Sin duda, es un asunto crucial que tendría que ocupar un lugar prominente en la agenda pública y, no obstante, son escasos los dirigentes políticos que lo levantan como la bandera que hoy debe ser en materia de cambios estructurales urgentes. Veamos por qué.
Tanto en los Estados Unidos como en Alemania, un 80 % del transporte de cargas de mediana y larga distancia se realiza por trenes, con una velocidad promedio de 100/120 kms por hora. En nuestro país, la cifra no llega a la décima parte, la velocidad ronda los 30 kms por hora y hay una media de casi dos descarrilamientos diarios. Antes, por ejemplo, el traslado de azúcar desde el Norte favorecía al tren en una proporción de 6 a 1 sobre el camión mientras que ahora este le gana al primero por 2 a 1.
Con lo cual llegamos a uno de los nudos gordianos del problema. Controlado desde hace unas tres décadas por el incansable dirigente peronista Hugo Moyano, el Sindicato de Camioneros se ha convertido en una potencia, debido tanto a su cantidad de afiliados como a los caudalosos fondos sin auditar que maneja y a los métodos violentos que emplea.
En julio de este año, por ejemplo, volvió a correr un tren de carga del Urquiza entre Posadas y Zárate. Al día siguiente, una fábrica de pasta de celulosa que lo utilizó fue bloqueada y paralizada por los camioneros, fieles a su lema de golpear primero y negociar después.
Como es sabido, a un nudo gordiano se lo desata o se lo corta. Nada más alejado de las intenciones de Alberto Fernández, que viene de definir a Moyano como “un dirigente gremial ejemplar” y de recomendar a los demás sindicalistas que “sean como él” y “nunca cedan”.
Se imponen algunas comparaciones ante el triunfo de los camiones sobre los trenes. Una sola locomotora arrastra vagones cuya carga equivale a la de 50 camiones y consume 3,5 veces menos combustible. En tramos mayores a los 600 kms., el costo del tren es un 50% inferior al del camión.

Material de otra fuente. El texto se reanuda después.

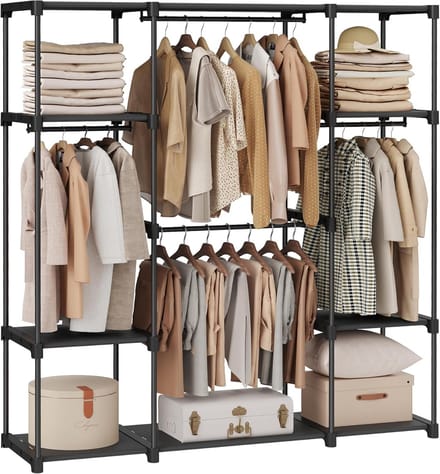 Famanu - Open kledingrek met 4 compartimenten 151x43x166 cm zwart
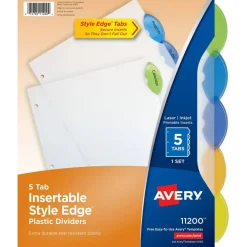 Insertable Style Edge™ Plastic Dividers, 5-Tab Set, Multicolor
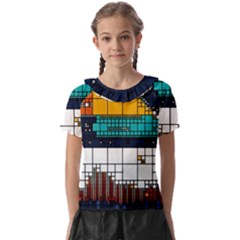 Abstract Statistic Rectangle Classification Kids  Frill Chiffon Blouse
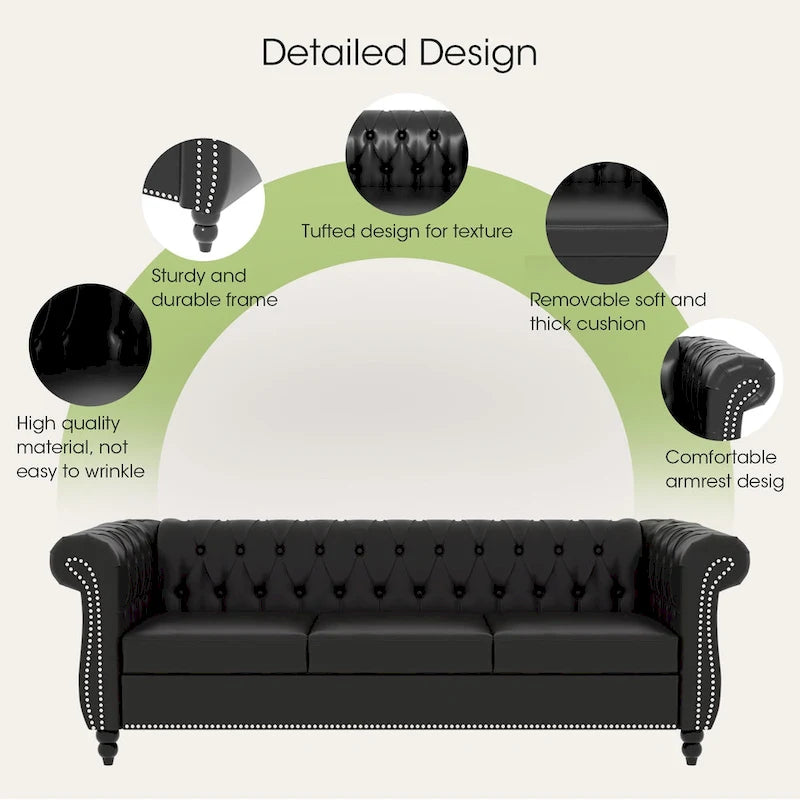 Canapé Chesterfield 3 places en similicuir noir / marron foncé / marron de style Mid-Century
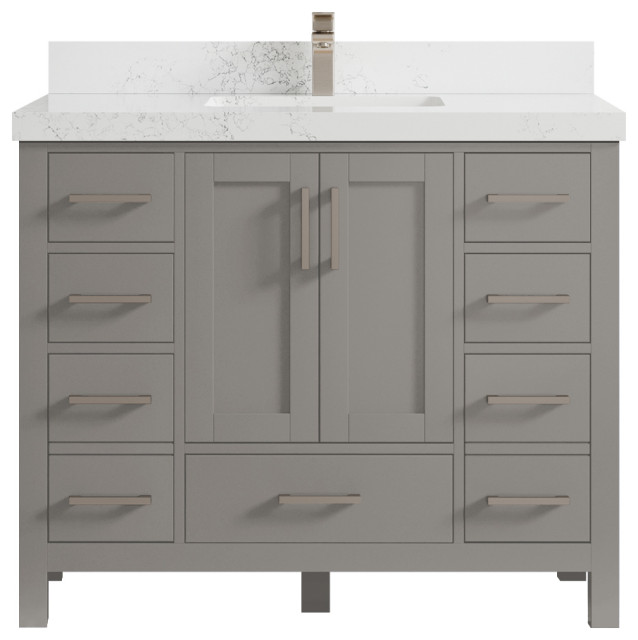 Willow Collections Malibu Vanity, Gray, Empira Quartz, 42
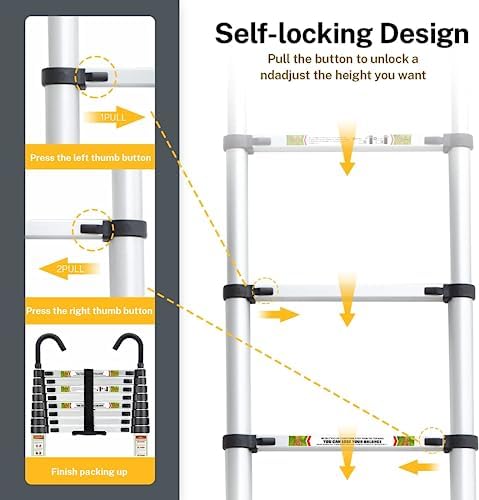 Telescopic Ladder, 16.5FT Aluminum Telescoping Ladder with Stable Hook and Non-Slip Feet, RIKADE Portable Extension Ladder for Household and Outdoor Working, 330lb Capacity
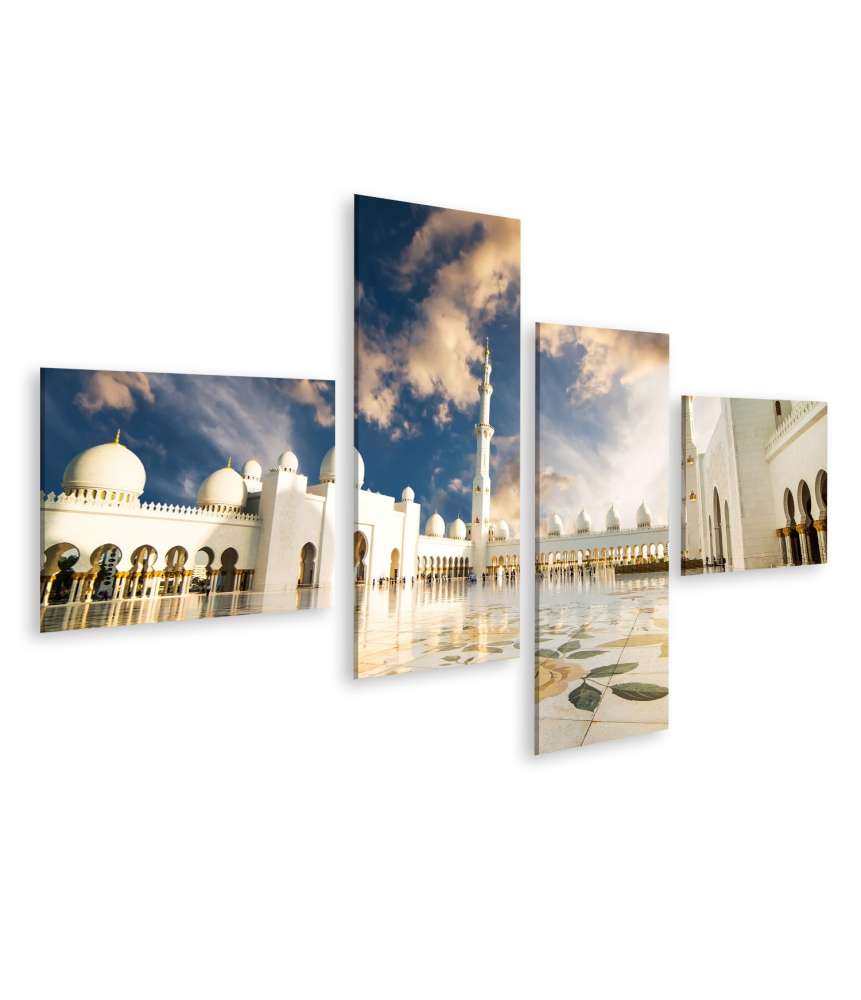 Islandburner Bild auf Leinwand Majestätisches Wandbild in der Scheich Zayed Großen Moschee, Abu Dhabi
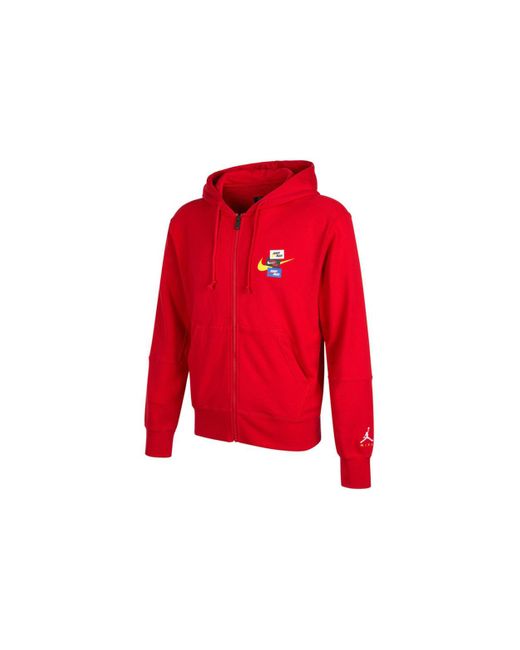 Nike Red Woven Label Logo Sports Hooded Jacket for men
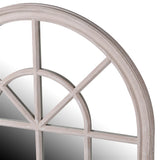 Close up of Charles Ted Arched Window Mirror taupe wooden frame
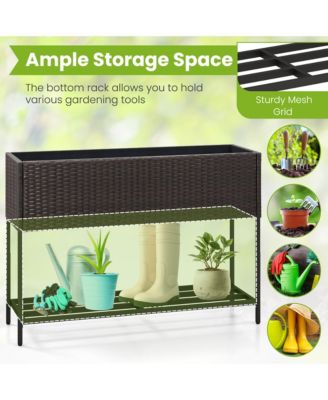 Elevated Planter Box Raised Garden Bed w/ Rattan Surface Bottom Storage Shelf & Removable Liner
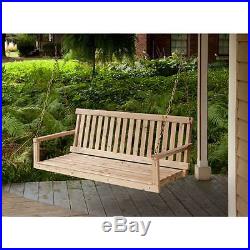 Traditional Wood Porch Patio Swing Jack Post Jennings 4' Wide Hanging, Natural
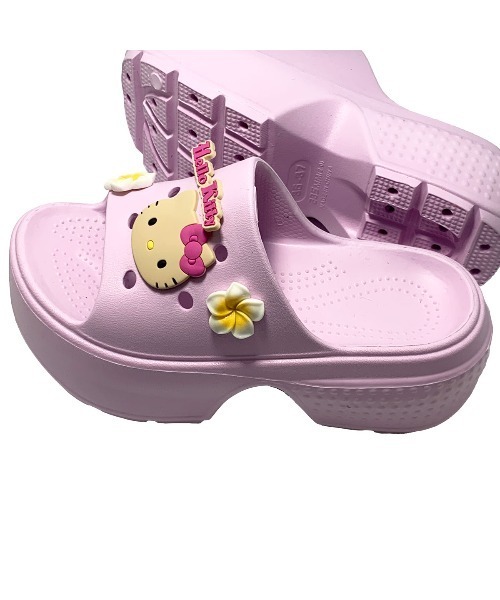 VIBGYOR(ヴィブジョー)の「【Sanrio】サンリオキャラクターズ花飾り付き厚底ヒールサンダル(MA)(サンダル・レディース・ブラック/ピンク/ホワイト/パープル・L/M)」の6枚目の写真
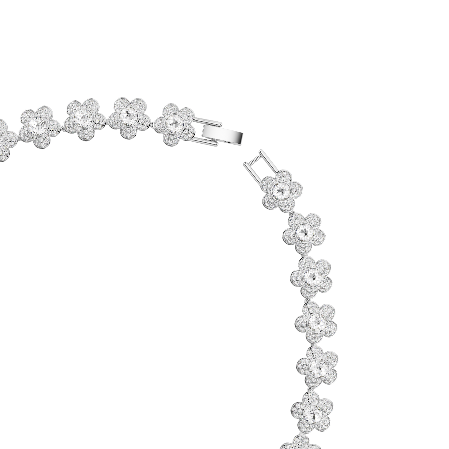 Resim Ariana Grande x Swarovski Kolye, Yuvarlak kesim, Çiçek, Beyaz, Rodyum kaplama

Pero hay mucho más. Según la Universidad Tecnológica Nacional, montar 1 km. de vía férrea cuesta menos de la mitad que construir 1 km. de autopista, tiene más del doble de vida útil y una capacidad de tráfico que la supera unas 17 veces en volumen. Con un agregado no desdeñable: mientras las empresas ferroviarias deben invertir en mantener las vías, no sucede lo mismo con los camiones y las rutas que dañan (y congestionan) con su uso. Por otra parte, un camión contamina 30 veces más que una locomotora y contribuye así al temible calentamiento global en curso.
Es un asunto que tiene que ingresar con fuerza en el debate público. Claro que nuestro atraso ferroviario no se limita a los trenes de carga y afecta también a los de pasajeros. Carecemos de una red de alta velocidad. En Alemania, por ejemplo, es la que hoy transporta a los pasajeros de larga distancia y llega a los 320 kms. por hora. China posee ya la más extensa del mundo. En nuestro país, no disponemos de trenes comparables que unan siquiera Buenos Aires con Córdoba o Rosario. Y ello a pesar de que se lo considera el medio más seguro del mundo, por delante del avión. Debo cerrar nuestro recorrido. Abramos la discusión.